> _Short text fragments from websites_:
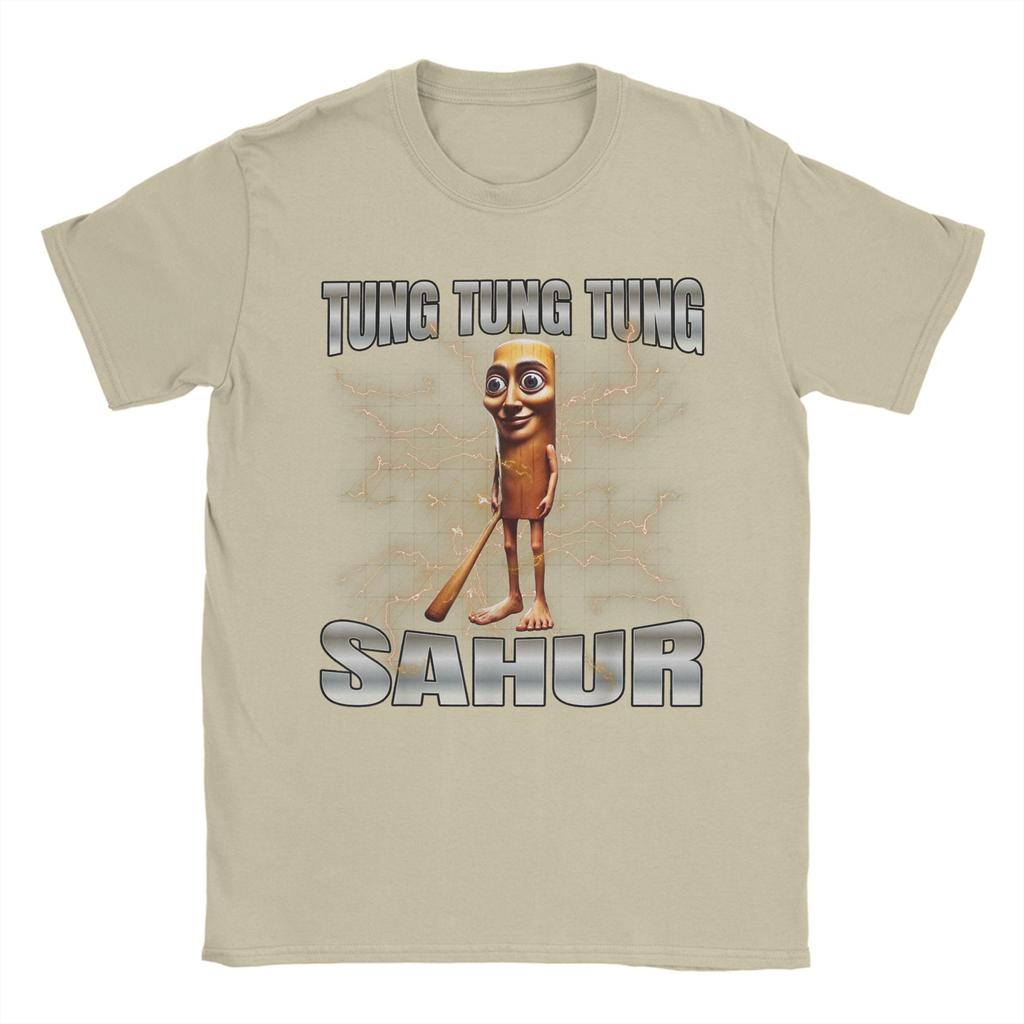 Vintage Tung Tung Tung Sahur Italian Brainrot Meme T-Shirts Men Round Collar Pure Cotton T Shirts Short Sleeve Tees Clothing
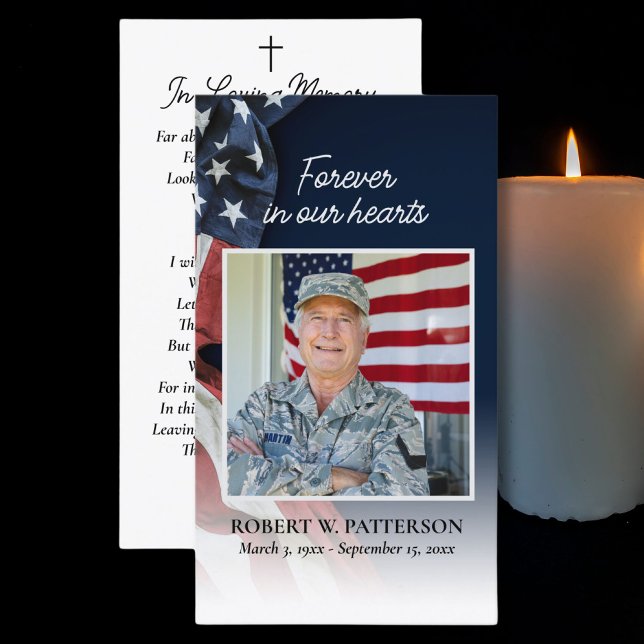 USA Flag Military Funeral Memorial Prayer Card (Creator Uploaded)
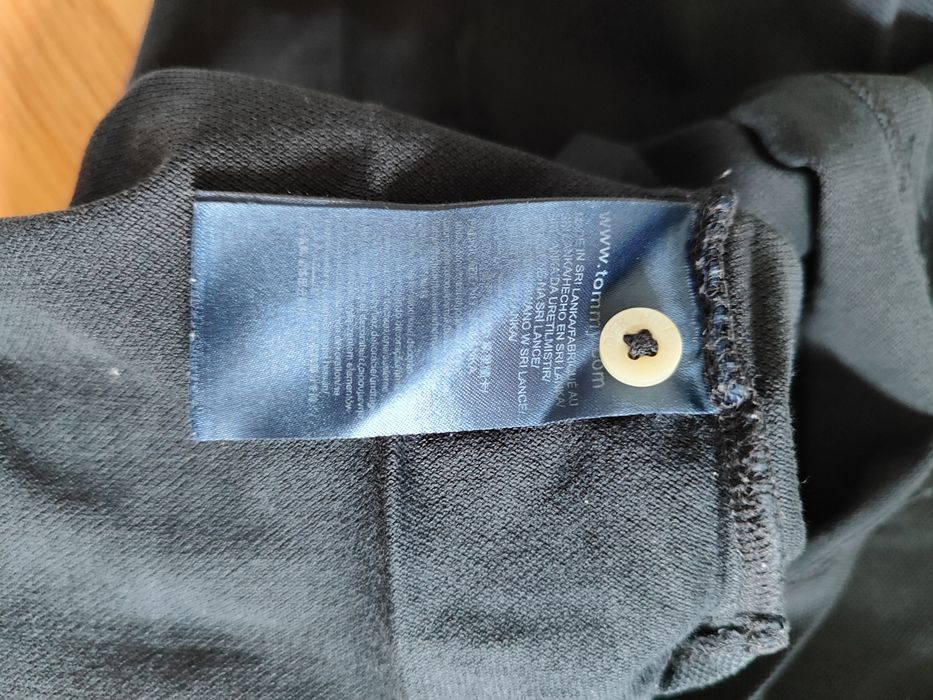 Czarna bluzka długi rękaw polo kołnierzyk męska Thommy Hilfiger S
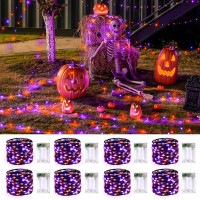 Jmexsuss 8 Pack 50 Led Orange And Purple Fairy Lights Battery Operated 161Ft Twinkle Lights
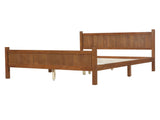 Queen Size Flat Panel Bed with Headboard & Footboard, Minimalist Modern Platform Bed with Wood Grain N733P422480D
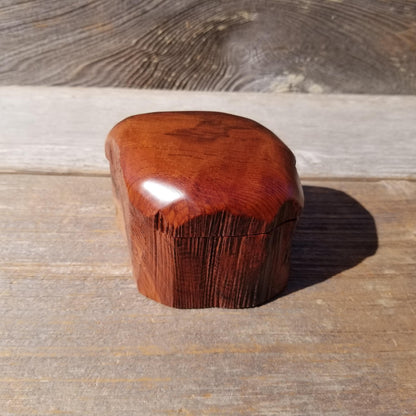 Wood Ring Box Redwood Rustic Handmade California #540 Storage Live Edge Mini Birthday Gift Christmas Gift Mother's Day Gift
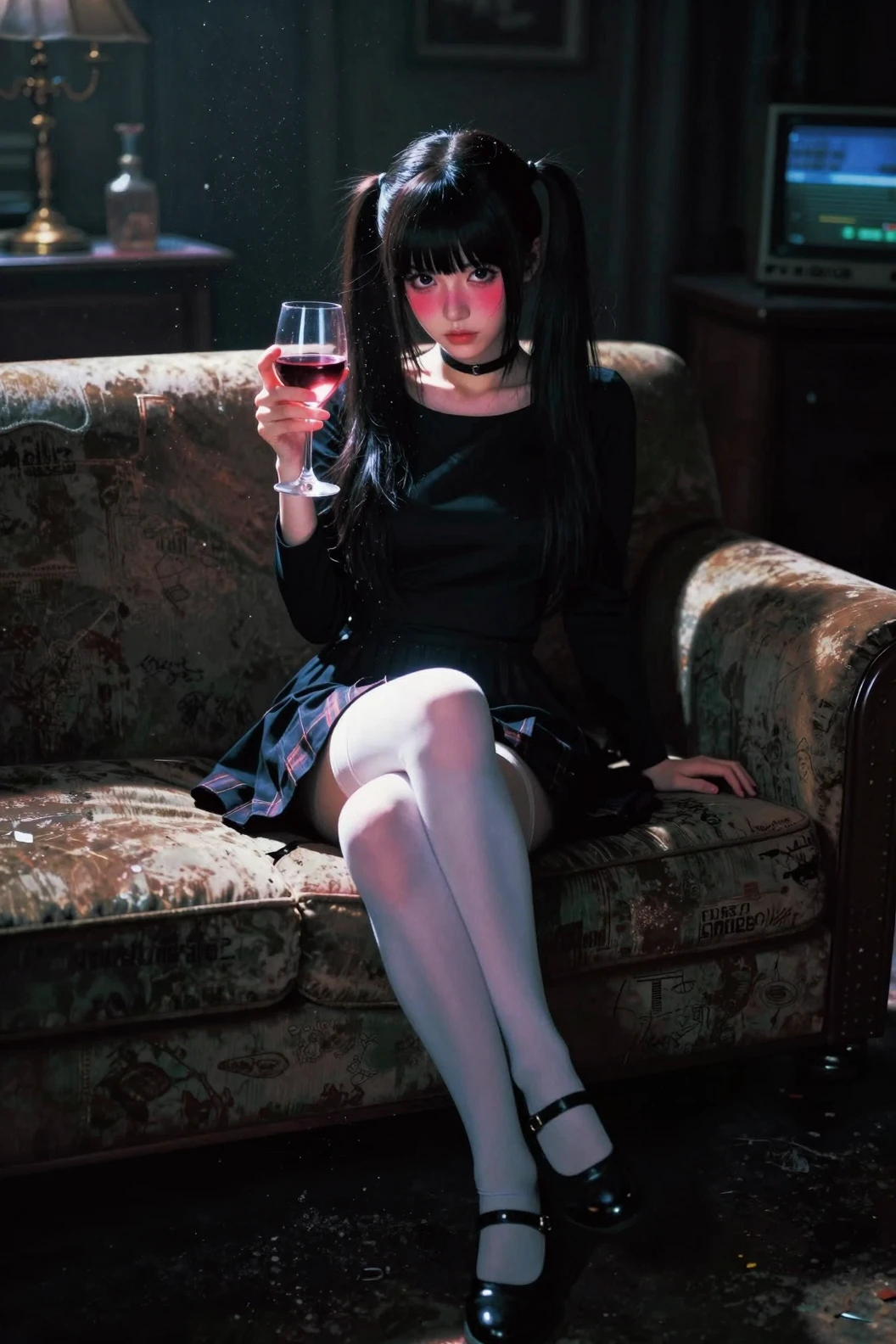 Chica de anime melancólica con vino en sala de estar retro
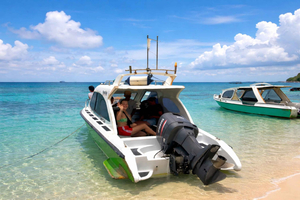 Transfert rapide en hors-bord privé et en voiture (Gili → Kuta, Lombok)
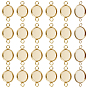 40Pcs 304 Stainless Steel Cabochon Connector Settings, Plain Edge Bezel Cups, Flat Round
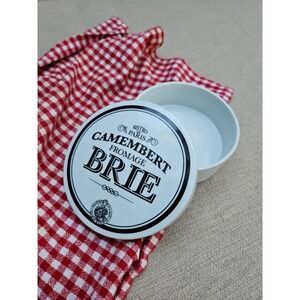 Vintage CAMEMBERT FROMAGE BRIE Cheese Baker Dish Lidded Bistro De Paris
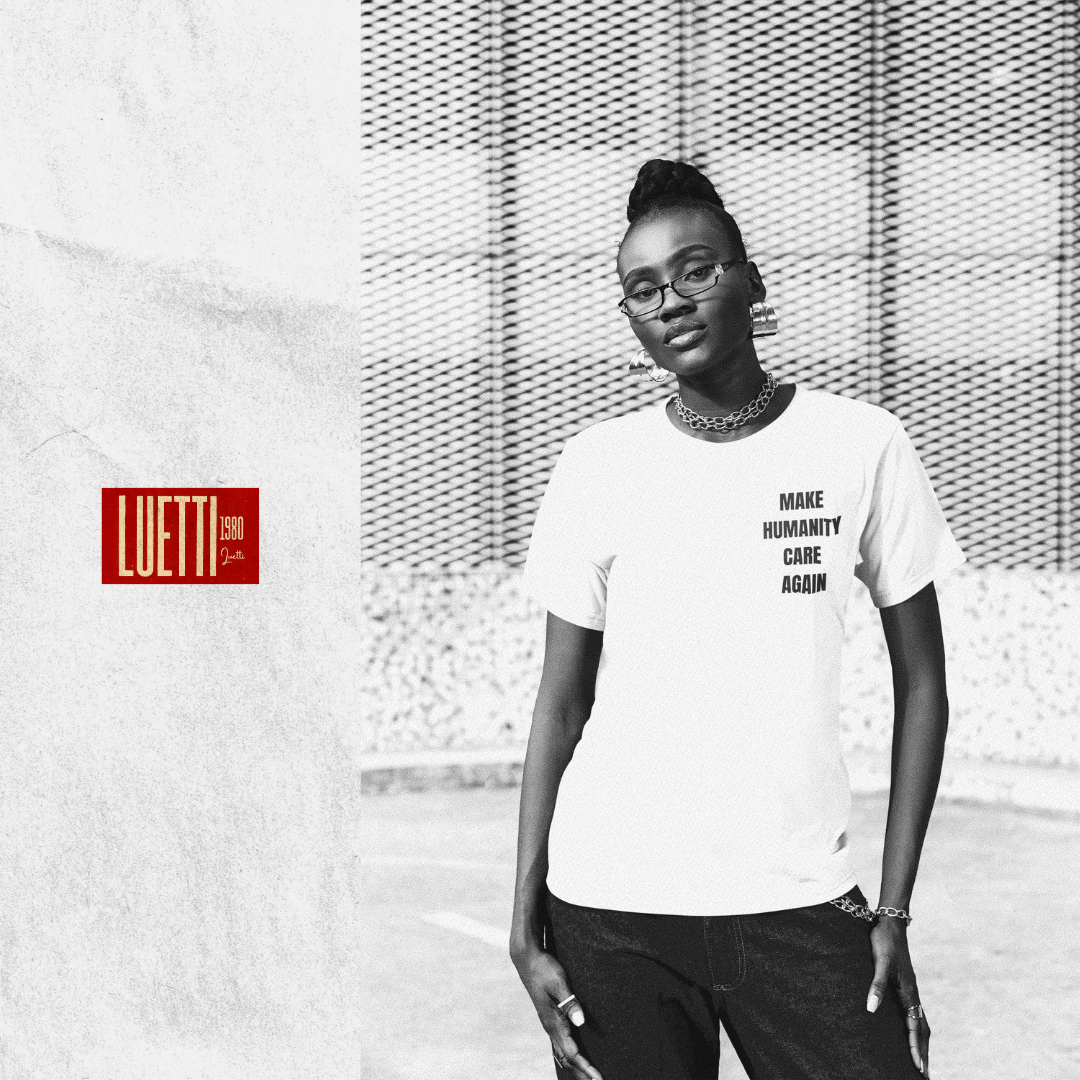 MAKE HUMANITY CARE AGAIN Velvet Finish Regular Fit Tee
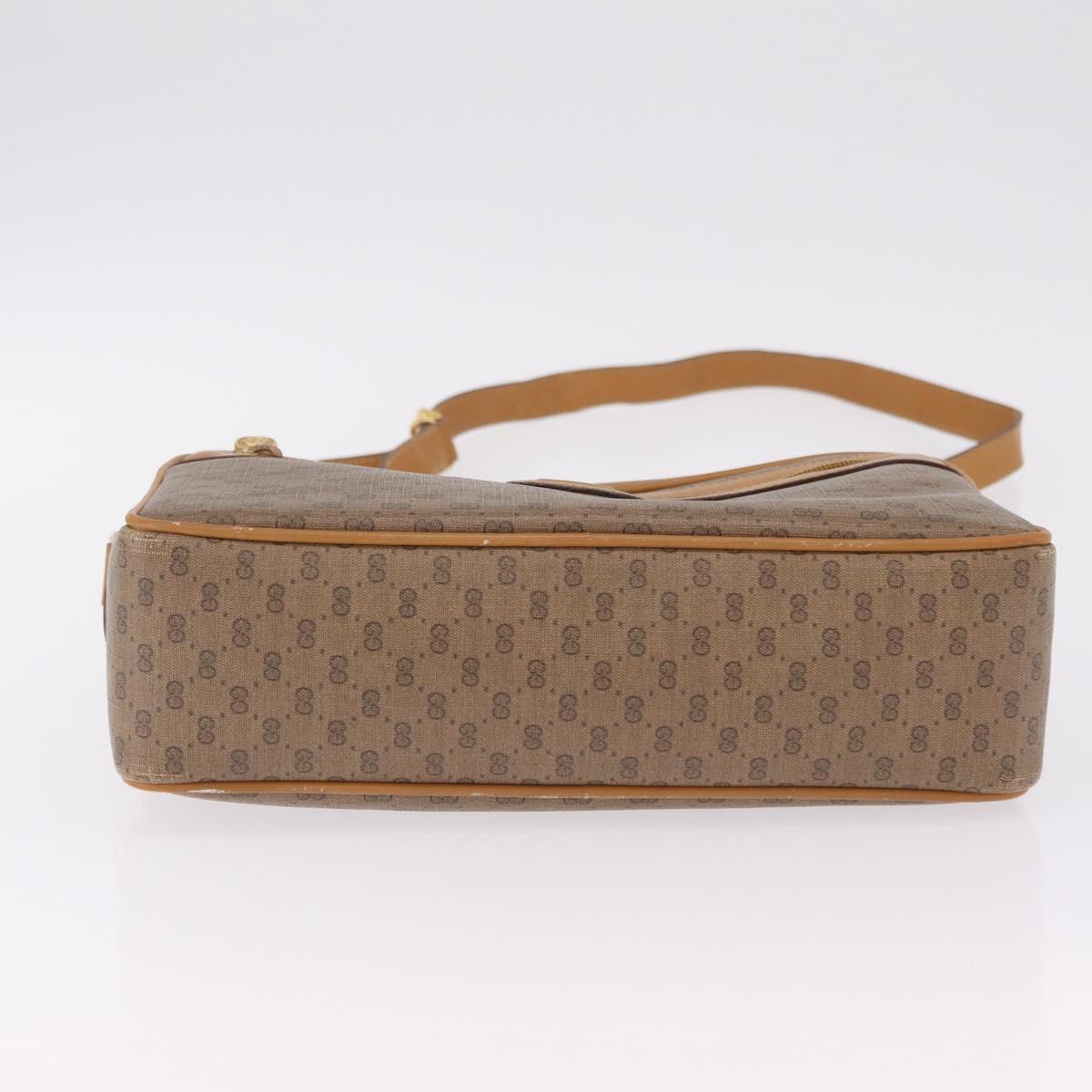 GUCCI Micro GG Shoulder Bag PVC Beige Gold Tone 001 113 0942 Auth ki6963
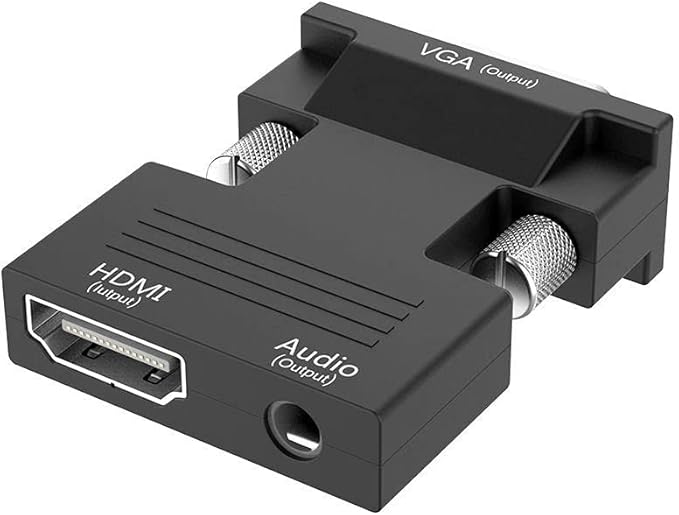 HDMI to VGA Adapter, 1080P 60Hz, with 3.5mm Audio Cable, Compatible for Laptop Computer to TV Projector Monitor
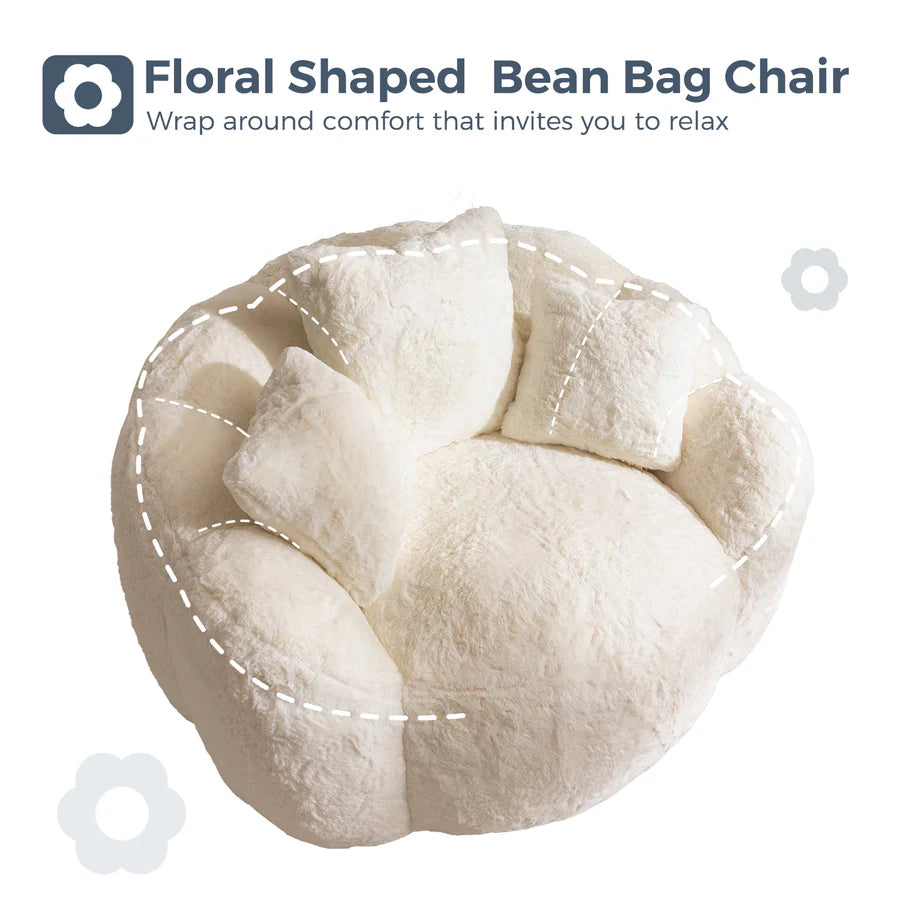 Floral-Shaped Faux Fur Bean Bag Sofa, Large Ultra-Soft Floor Chair for Living Room and Bedroom 9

> _What to do_: The copy should begin at the line containing "HDMI to VGA" and end at the last line of the data above; please restate those lines word for word without the pictures.

> _Result for this exercise_:
 HDMI to VGA Adapter, 1080P 60Hz, with 3.5mm Audio Cable, Compatible for Laptop Computer to TV Projector Monitor
 Floral-Shaped Faux Fur Bean Bag Sofa, Large Ultra-Soft Floor Chair for Living Room and Bedroom 9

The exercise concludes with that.